**Your instructions:** The records below need to be repeated exactly, with every picture left out.

[Source records]

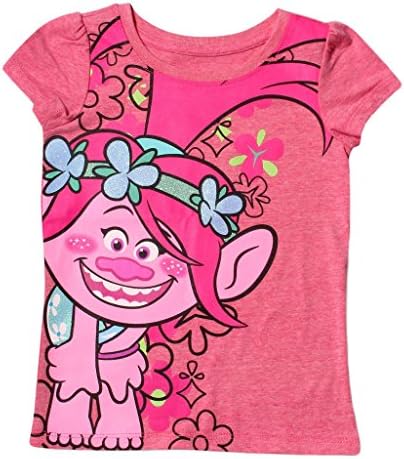 Trolls Toddler Girls' Poppy Short Sleeve T-Shirt, Hot Pink Heather, 3T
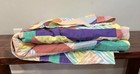 Handmade Quilt Patchwork Multi-color Geometric Zig Zag Stitching 80s 90s Vintage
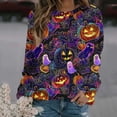 thumbnail image 4 of SETOOFF Womens Loose Fit Long Sleeve Shirts, Crew Neck Halloween Pumpkin Bat Spider Print Pullover Sweatshirt Lightweight Tunic Tops Holiday Party Apparel for Dressy Casual Dailywear Fashion, 4 of 6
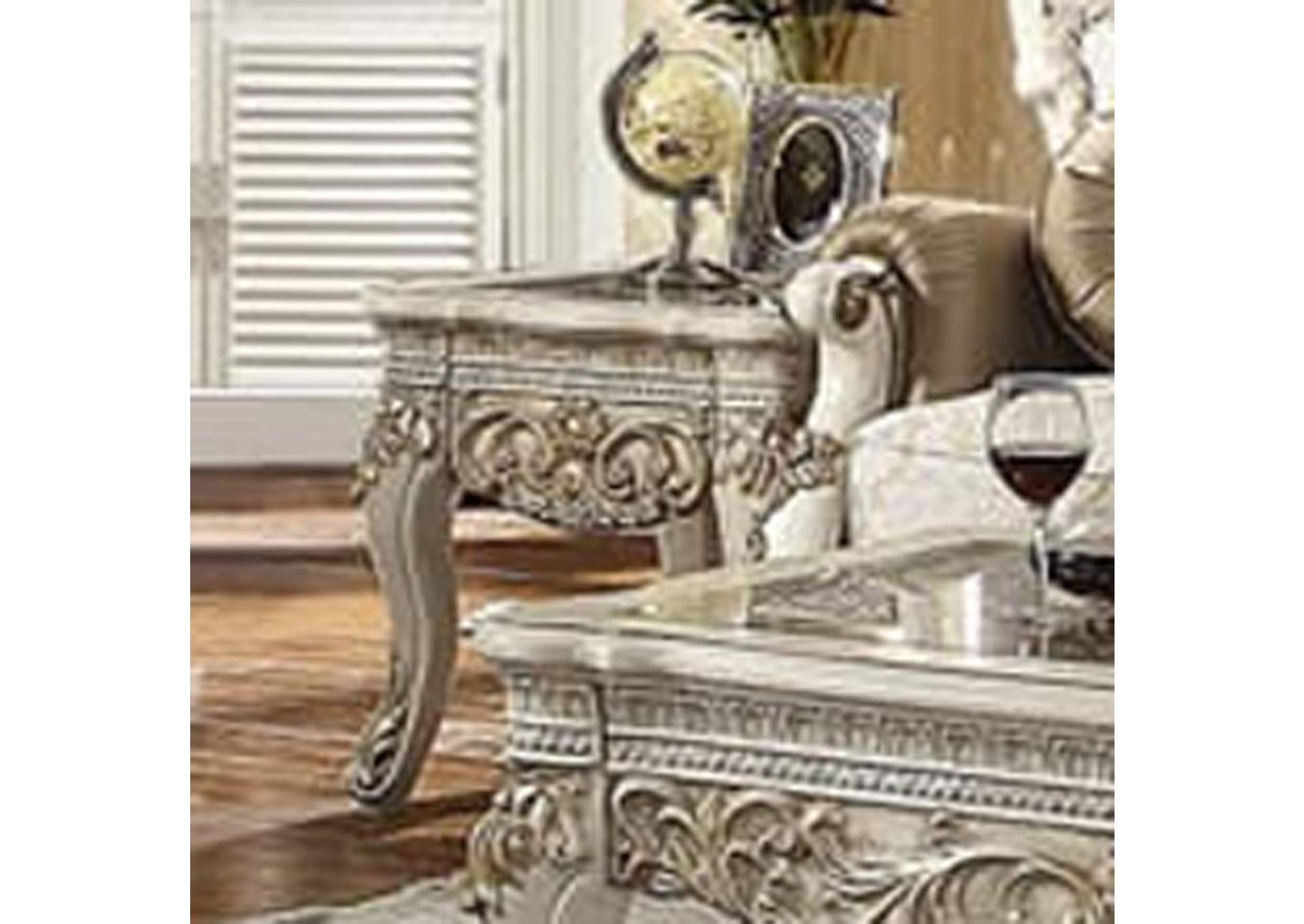 Plantation Cove White End Table,Homey Design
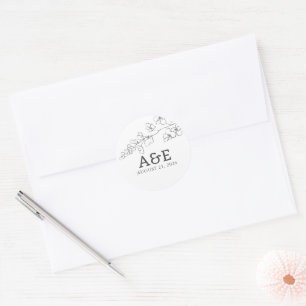 Handgezeichnete Wildblumen Einfach Elegant Minimal Runder Aufkleber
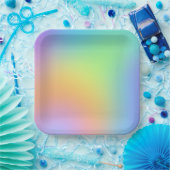 Fun Pastel Rainbow Gradient Pappteller (Party)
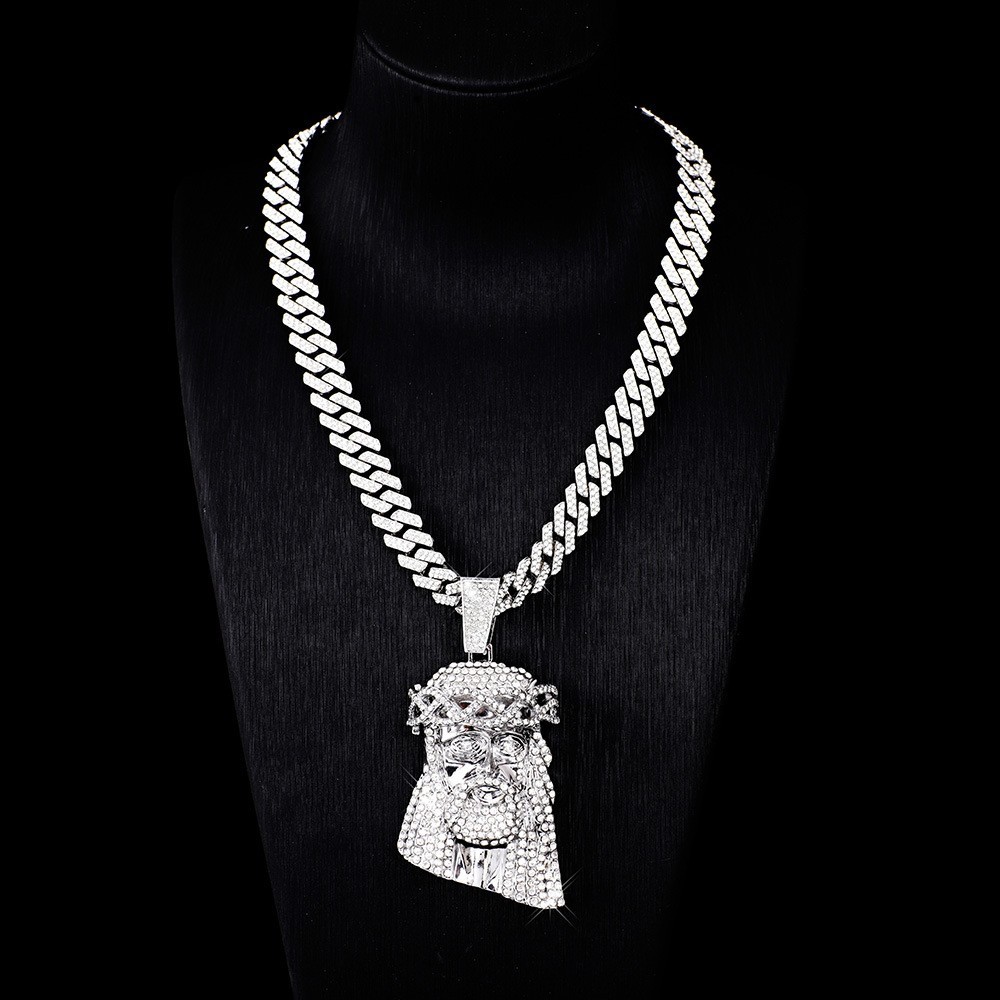 Zinc Alloy Diamond-studded Vintage Portrait 24″ Cuban Chain Hip Hop Necklace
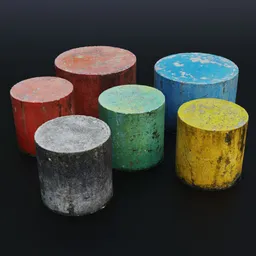 Vibrant photoscanned 3D concrete blocks in red, blue, green, yellow, grey for Blender urban scenes.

**Exercise solution:**
 Trolls Toddler Girls' Poppy Short Sleeve T-Shirt, Hot Pink Heather, 3T
 Handmade Quilt Patchwork Multi-color Geometric Zig Zag Stitching 80s 90s Vintage
 thumbnail image 4 of SETOOFF Womens Loose Fit Long Sleeve Shirts, Crew Neck Halloween Pumpkin Bat Spider Print Pullover Sweatshirt Lightweight Tunic Tops Holiday Party Apparel for Dressy Casual Dailywear Fashion, 4 of 6
 Plantation Cove White End Table,Homey Design
 Handgezeichnete Wildblumen Einfach Elegant Minimal Runder Aufkleber
 Fun Pastel Rainbow Gradient Pappteller (Party)
 Zinc Alloy Diamond-studded Vintage Portrait 24″ Cuban Chain Hip Hop Necklace
 Vibrant photoscanned 3D concrete blocks in red, blue, green, yellow, grey for Blender urban scenes.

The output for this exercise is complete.